According to the figures, those facing prosecution for fraud, money laundering, bribery and other corporate crimes fell by 14% from 11,261 in 2011 to 9,700 in 2013. At the same time, the number of fraud cases alone reported to the police nearly doubled from 122,240 to 230,845 over the last financial year, Vitou said.
The budget of the SFO, the agency responsible for investigating and prosecuting the most serious of these cases, has fallen by 40% since the financial crisis from £52 million to £32m. Earlier this year, the SFO was forced to apply for £19m in additional 'supplementary' funding to cover the costs of its LIBOR investigations and other high-profile cases over the remainder of the 2013/14 financial year.
The Ministry of Justice is also cutting £220m from the criminal legal aid budget, which has had knock-on effects on barristers' fees in so-called very high cost cases (VHCCs), including lengthy and complex fraud trials. Recently, a major trial had to be abandoned after the defence successfully argued that these cuts had meant that they were unable to obtain adequate legal representation.

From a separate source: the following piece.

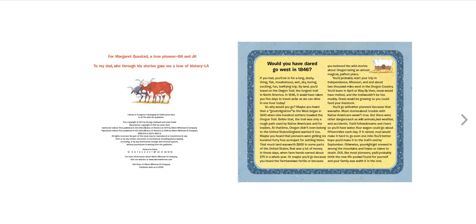By land, you'd travel on the Oregon Trail, the longest trail in North America. In 1846, it would have taken you five days to travel as far as we can drive in one hour today.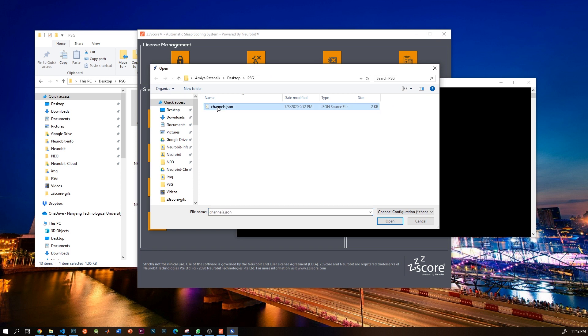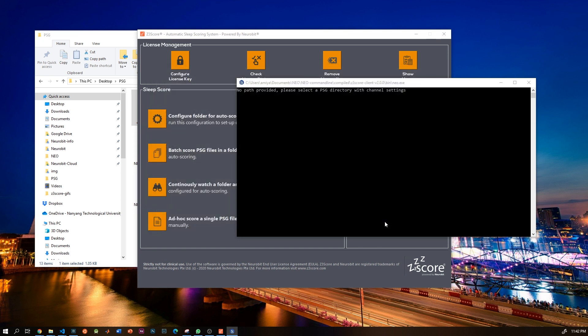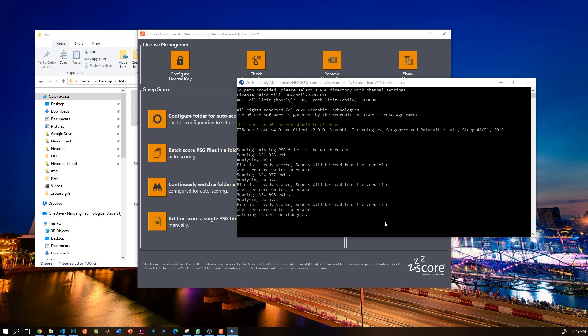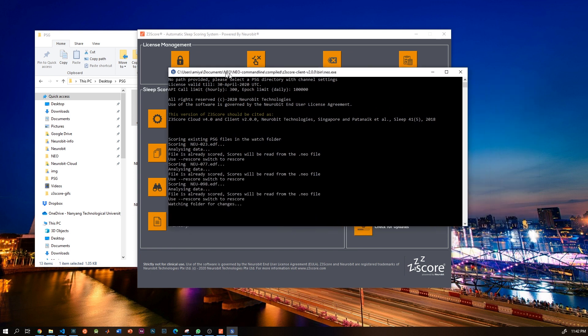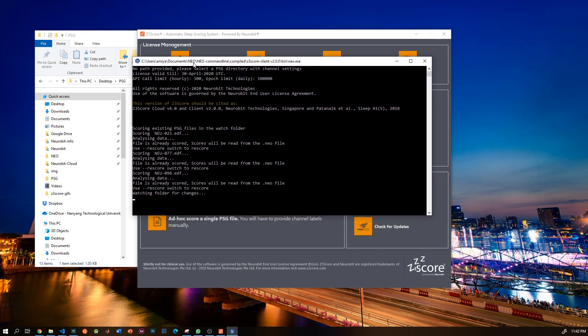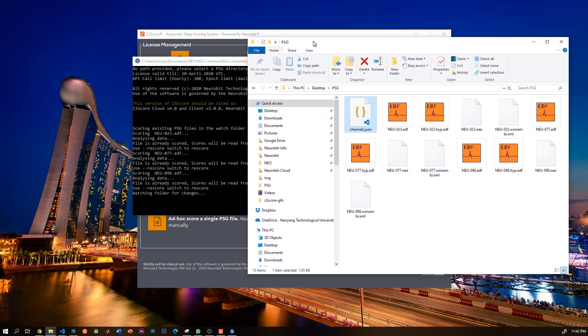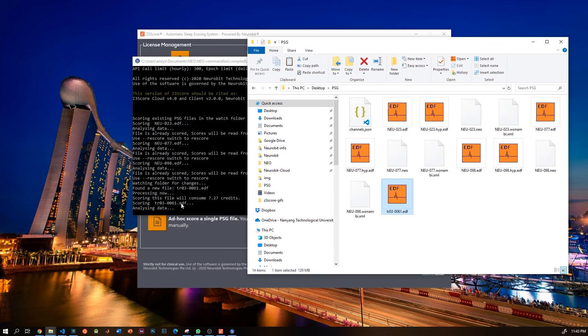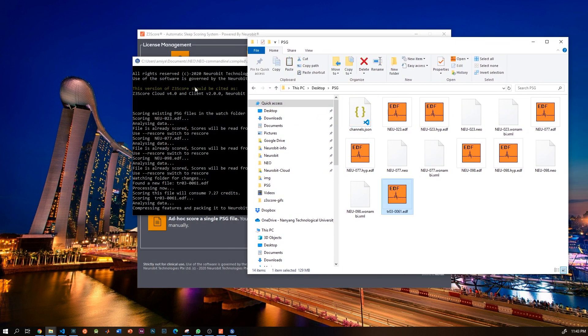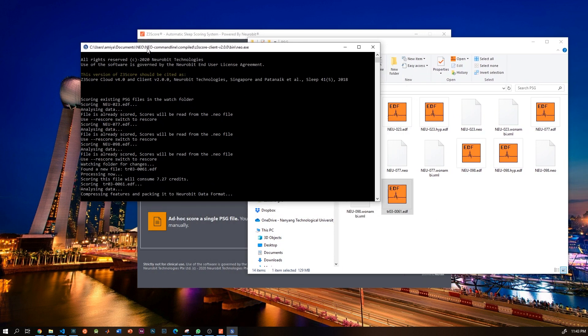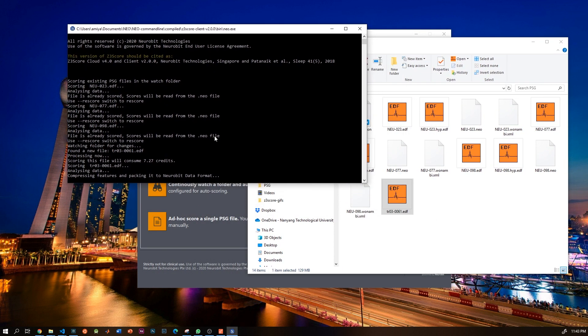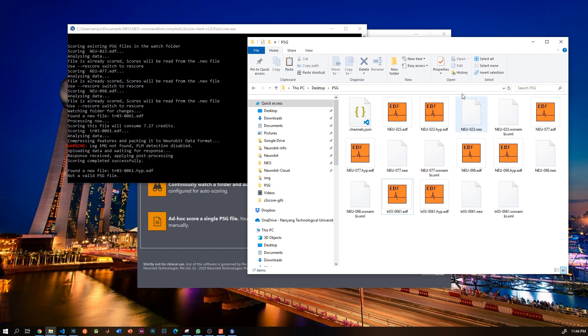So now as you can see, z3score is watching this folder. Let me paste a new EDF file here, and as soon as it appears, the scoring begins and it is scored.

Vitou said that the money saved as a result of these initiatives was a "false economy" given the huge cost of fraud to the UK economy, which is estimated at £85 billion a year.
"Clearly the government has a commitment to finding savings and efficiencies, but how savings have impacted the fight against fraud needs to be kept under review," he said. "The government must avoid being excessively 'penny wise'."
The figures did show an increase in prosecutions for so-called 'cybercrimes', such as those involving 'unauthorised access to computer material' and 'unauthorised access with intent to commit or facilitate commission of further offences'. The figures showed that these offences were increasingly becoming the "crime of choice", with seven out of 10 frauds now involving a technology element, Vitou said. These prosecutions had trebled over the last three years, with a 200% increase in the number charged with such offences from 15 in 2011 to 45 in 2013.
However, Vitou said that even in these cases, the number of cases being brought to trial was "still a drop in the ocean compared to the scale of the problem".